Guided-wave radar gets attention for more level measurements

A common observation about today’s automation practices is that we’re all dazzled by the digital and computer advances but the technology behind the primary sensors and final control devices doesn’t change, or at least not nearly at the same pace.

GWR was specified for this feedwater heater to provide reliable, accurate level measurement to protect against water induction into the steam turbine

GWR was specified for this feedwater heater to provide reliable, accurate level measurement to protect against water induction into the steam turbine

At last year’s Ovation Users Group (OUG) meeting, Paul Yankello and Bill Pace of Emerson Process Management’s Rosemount Div, challenged that assertion. Their presentation covered general level-measurement applications and technology selection, but the expanding applications for guided-wave radar (GWR) technology were a highlight of the message. Keep up with advancements in I&C technology by attending the upcoming OUG conference, July 26-30, in Pittsburgh’s Westin Convention Center Hotel (users only).

The 2013 edition of Emerson’s Engineer’s Guide to Level Measurement for Power and Steam Generation, available online, gives the basics of GWR. It works this way:

“The GWR (source) is mounted on the top of a tank or chamber, and the probe usually extends to the full depth of the vessel. A low-energy pulse of microwaves, traveling at the speed of light, is sent down the probe. At the point of the liquid level (air/liquid interface) on the probe, a significant proportion of the microwave energy is reflected back up the probe to the transmitter. It measures the time delay between the transmitted and received echo signal and the onboard microprocessor calculates the distance to the liquid-level surface.”

GWR, note the authors, is independent of liquid density but the steam dielectric constant (DC)—important in many powerplant applications—can cause up to 20% error and will vary with pressure. For this reason, a technique called dynamic vapor compensation (DVC) is employed. A reference reflector measures the steam DC. The distance to reflector is fixed. As microwaves travel through steam, the DC impacts the speed, making reflector distance appear further away. The distance between the physical and “electrical” distance is used to measure the DC and automatically correct for surface distance. DVC can limit the error rate to less than 2%.

The guidebook lists the following benefits of GWR:

      • It is good for tanks of all sizes and tight geometries.

      • Advanced versions work in turbulent and low-DC fluids.

      • Can be installed directly in the tank or in a bypass chamber.

      • No compensation is required for density or conductivity.

      • Changes in temperature and pressure have no impact, nor do most vapor-space conditions.

      • There are no moving parts; minimal maintenance is required.

      • A direct, “top down” measurement is provided, as opposed to prevalent indirect methods.

The authors claim that GWR is “best practice” for the following applications:

      • Condenser hotwell (vacuum-to-positive pressure range, density changes of water during condensation).

      • Lube-oil tanks (clean, low-DC fluid; typical location next to turbines can pose vibration issues for alternative instrumentation; works in skid-mounted and small tanks with limited access).

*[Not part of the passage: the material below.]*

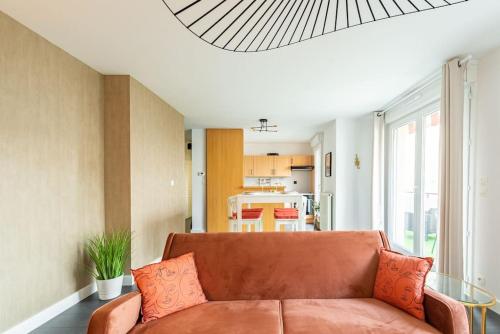 un salon avec un canapé marron et une cuisine dans l'établissement Terracotta, chaleureux appartement calme pour 2 personnes, avec Parking privé, idéal séjour business, à Dijon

      • Boilers, steam separators, and feedwater systems (steam and water density and DC changes with temperature and pressure, magnetite buildup issues with other options). Photo shows a GWR installed on a feedwater heater.

GWR works well in solids level measurement, too, although there are few applications in combined-cycle plants.

Probe selection is the principal caution in GWR applications, according to the guidebook. Coaxial style probes are the most versatile, especially because, unlike other types, the limitation of not being in contact with any metallic object is lifted. Single-lead probes are best for fluids which pose stickiness or coating issues.

Advanced versions of GWR can include the ability to detect buildup on the probe. Like all state-of-the-art microprocessor-based instrumentation, they can be equipped with the latest digital automation diagnostics and health monitoring. Wireless-based products are also available. Other industry sources suggest GWR, though a relatively young technology, presents a formidable challenge to more conventional differential pressure (DP) measurement.